-- Opening Marker --
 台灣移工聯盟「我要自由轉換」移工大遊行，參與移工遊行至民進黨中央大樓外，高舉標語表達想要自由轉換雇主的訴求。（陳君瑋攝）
-- Closing Marker --
-- Opening Marker --
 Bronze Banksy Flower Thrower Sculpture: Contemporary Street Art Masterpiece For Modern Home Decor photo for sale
-- Closing Marker --
-- Opening Marker --
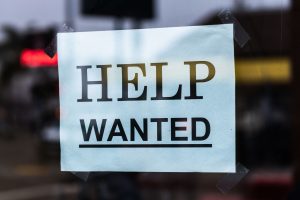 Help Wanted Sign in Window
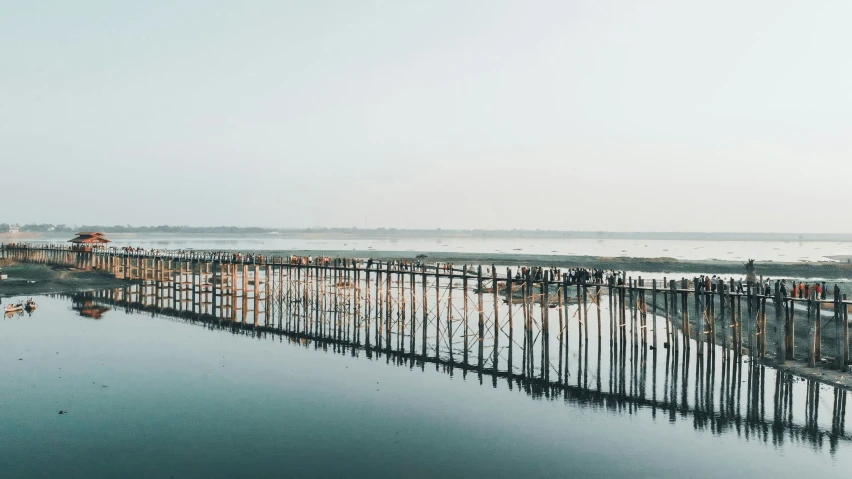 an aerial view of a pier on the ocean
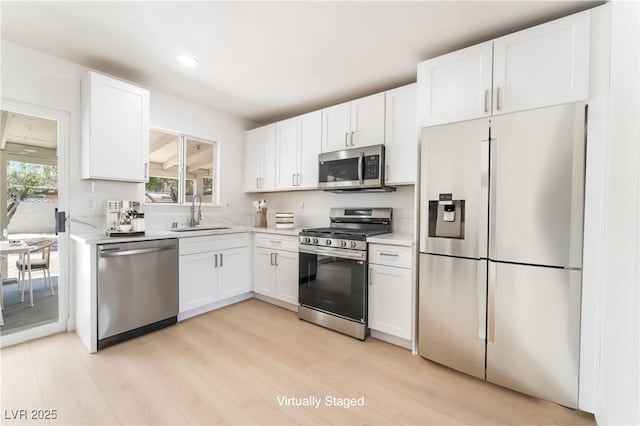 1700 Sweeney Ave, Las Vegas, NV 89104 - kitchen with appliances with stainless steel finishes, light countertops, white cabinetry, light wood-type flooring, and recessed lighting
-- Closing Marker --
▸ REQUIRED WORK:
Now transcribe the lines above exactly, starting at the line containing "Help Wanted Sign in Window" and ending at the line containing "1700 Sweeney Ave, Las", both lines included, pictures excluded.

▸ TASK RESPONSE:
 Help Wanted Sign in Window
 an aerial view of a pier on the ocean
 1700 Sweeney Ave, Las Vegas, NV 89104 - kitchen with appliances with stainless steel finishes, light countertops, white cabinetry, light wood-type flooring, and recessed lighting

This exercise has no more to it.